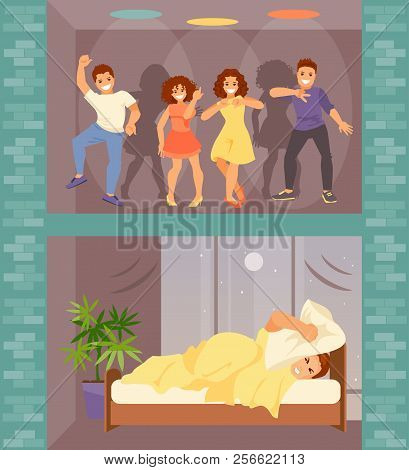 Man In Bed With Insomnia. Noisy Neighbors From Above Arranged A Party. Vector Illustration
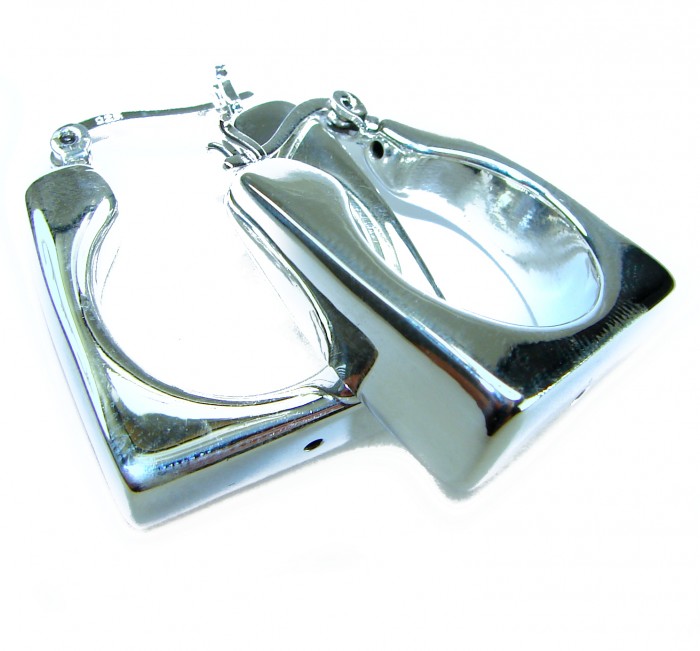 LARGE - EXTRAVAGANZA - Highly Polished Fancy .925 Sterling Silver Italy made Earrings - Side view of highly polished large sterling silver earrings.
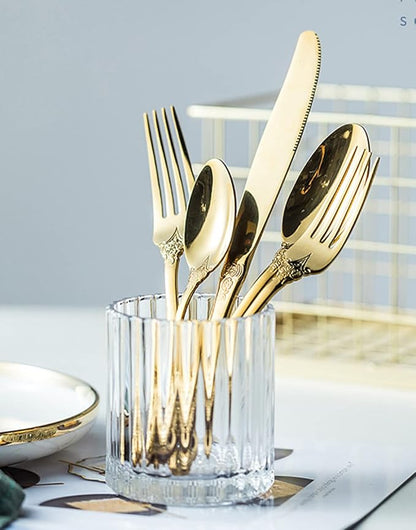Gold Silverware Set for 6 Premium 18/10 Stainless Steel Flatware Set Palace Style 30 Piece Cutlery Tableware Utensils Embossed Decorative Handle Knives Forks and Spoons for Home Christmas Wedding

* * * * *

> _EXERCISE DIRECTIONS_
In your copy, omit the pictures and restate every line of the data word for word.

> _SOLUTION_
 Man In Bed With Insomnia. Noisy Neighbors From Above Arranged A Party. Vector Illustration
 LARGE - EXTRAVAGANZA - Highly Polished Fancy .925 Sterling Silver Italy made Earrings - Side view of highly polished large sterling silver earrings.
Gold Silverware Set for 6 Premium 18/10 Stainless Steel Flatware Set Palace Style 30 Piece Cutlery Tableware Utensils Embossed Decorative Handle Knives Forks and Spoons for Home Christmas Wedding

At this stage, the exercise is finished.